BRAZZAVILLE (AFP) - Au terme d’un bras de fer sans précédent, le gouvernement du Congo a finalement capitulé dans la guerre de succession qui déchirait le royaume des Téké, l’ethnie majoritaire du pays, contraint de se ranger aux exigences des descendants de Pierre Savorgnan de Brazza.

Ignoré depuis deux ans par les autorités de Brazzaville, le roi Nguempio, 79 ans, a fait un retour triomphal samedi dans les rues de la capitale congolaise, à trois jours de la cérémonie au cours de laquelle la dépouille de l’explorateur français du XIXe siècle doit être ré-inhumée en grande pompe dans la ville qu’il a fondée il y a 126 ans.

Vendredi, le président de la Fondation Pierre Savorgnan de Brazza Aimé Emmanuel Yoka, également directeur de cabinet du président Denis Sassou Nguesso, était venu lui-même à Mbé, à 250 km, pour lui remettre une invitation officielle à participer à la cérémonie de mardi.

Ce bristol a levé la dernière hypothèque qui pesait encore sur le transfert des restes de l’explorateur français, et mis un terme, comme l’a reconnu la très officielle Radio Congo, à deux longues années de "fâcherie" entre les autorités du pays et le chef de la communauté téké.

Cette querelle a débuté fin 2004, lorsque le gouvernement a décidé de bouder l’avènement du 17e "makoko" ou roi des Téké Anguste Nguempio, pourtant désigné selon les usages traditionnels par dix des douze des "grands électeurs" qui composent sa cour royale.

Au contraire, le pouvoir s’est empressé de reconnaître l’arrivée sur le trône d’un autre septuagénaire désigné par les deux "grands électeurs" démissionnaires, Maurice Intsilambia, un féticheur connu pour ses liens privilégiés avec le chef de l’Etat, d’ethnie mbochi.

Les "légitimistes" ont crié au scandale, accusant le camp présidentiel de vouloir prendre le contrôle d’une population qui s’étend du Congo au sud du Gabon et à la République démocratique du Congo (RDC) voisine et représente près de 40% des 3 millions de Congolais.

Le roi des Téké n’a certes qu’un rôle purement symbolique mais, en raison de ce poids démographique, sa bienveillance, croit-on à Brazzaville, peut s’avérer déterminante en période électorale.

Depuis cette date donc, les rupture était consommée entre le gouvernement et la cour royale de Mbé.
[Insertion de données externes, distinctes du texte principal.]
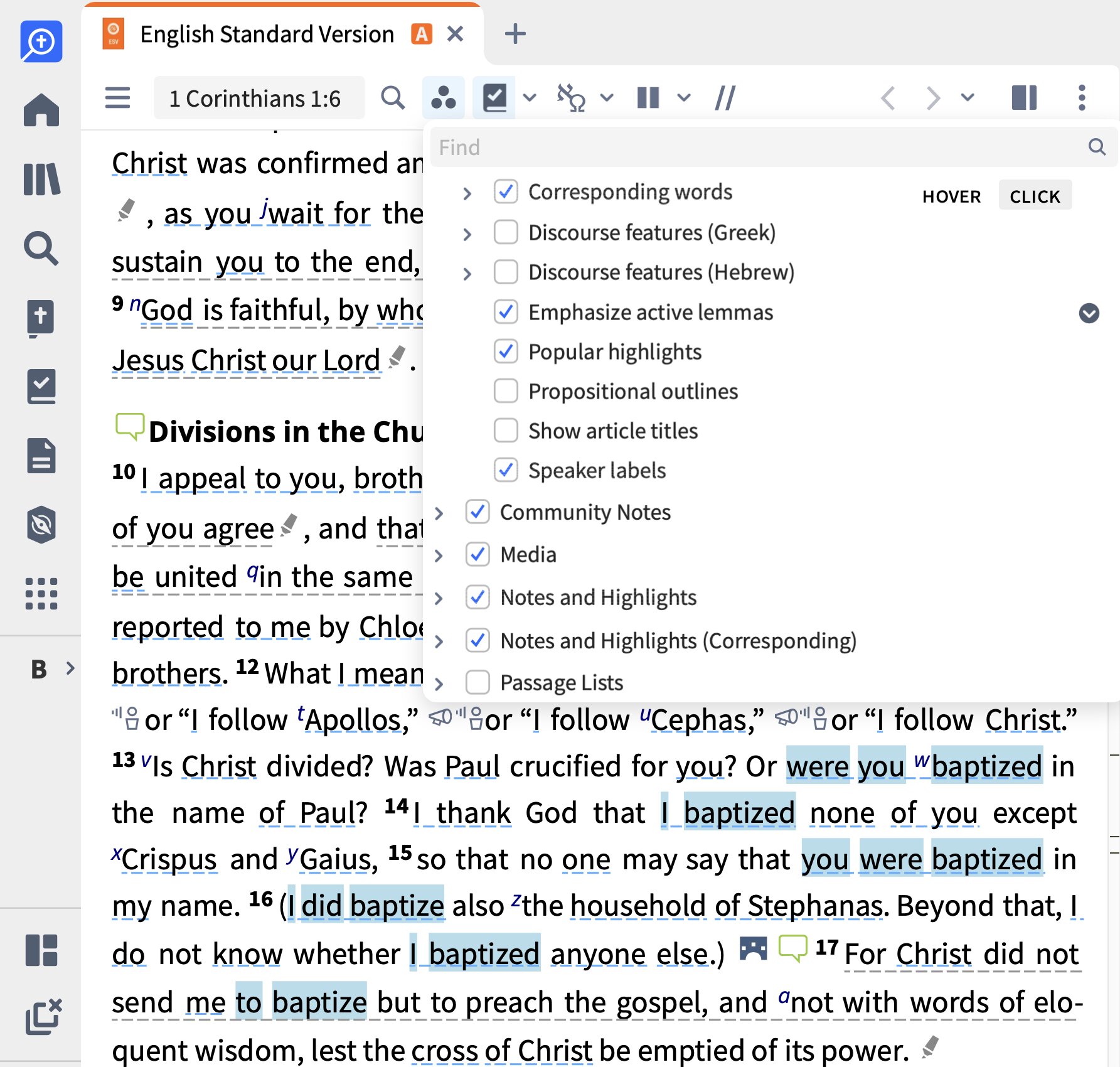 Logos desktop software is open on a computer, with a two pane. The one on the lefthand side is open to a Bible Word Study. The one on the right is open to Matthew 5, and has the Emphasize Active Lemmas Visual Filter. It’s highlighting all of the instances of ‘blessed’ in the beatitudes.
Jusqu’à ce que le président Sassou Nguesso ne décide de faire ramener à Brazzaville la dépouille de Pierre Savorgnan de Brazza, mort en 1905 à Dakar et inhumé à Alger.

Très vite, la famille de l’explorateur met son véto au projet. Et en échange de son feu vert, elle exige la reconnaissance par les autorités congolaises du roi Nguempio, descendant du roi Ilo 1er avec lequel de Brazza avait signé en 1880 le traité qui ouvrit la voie à la colonisation française et à la création de l’actuelle Brazzaville sur la rive droite du fleuve Congo.

Le gouvernement refuse de céder mais la détermination de la famille est sans faille. Et provoque à deux reprises le report de la cérémonie de transfert.

Si bien que le président Sassou Nguesso n’a d’autre choix, à l’issue d’une ultime réunion le 7 septembre avec des émissaires des deux cours rivales, que de finalement se plier à ces exigences et d’inviter officiellement Nguempio à la cérémonie du 3 octobre.

Signe que la crise a laissé des traces, il faudra encore que le porte-parole de la cour téké, le prince Louis Nsalou, se rende à Rome mardi à la requête du gouvernement pour arracher à la famille de Brazza le "oui" qui permettra, enfin, à son ancêtre de reposer dans la ville qui porte son nom.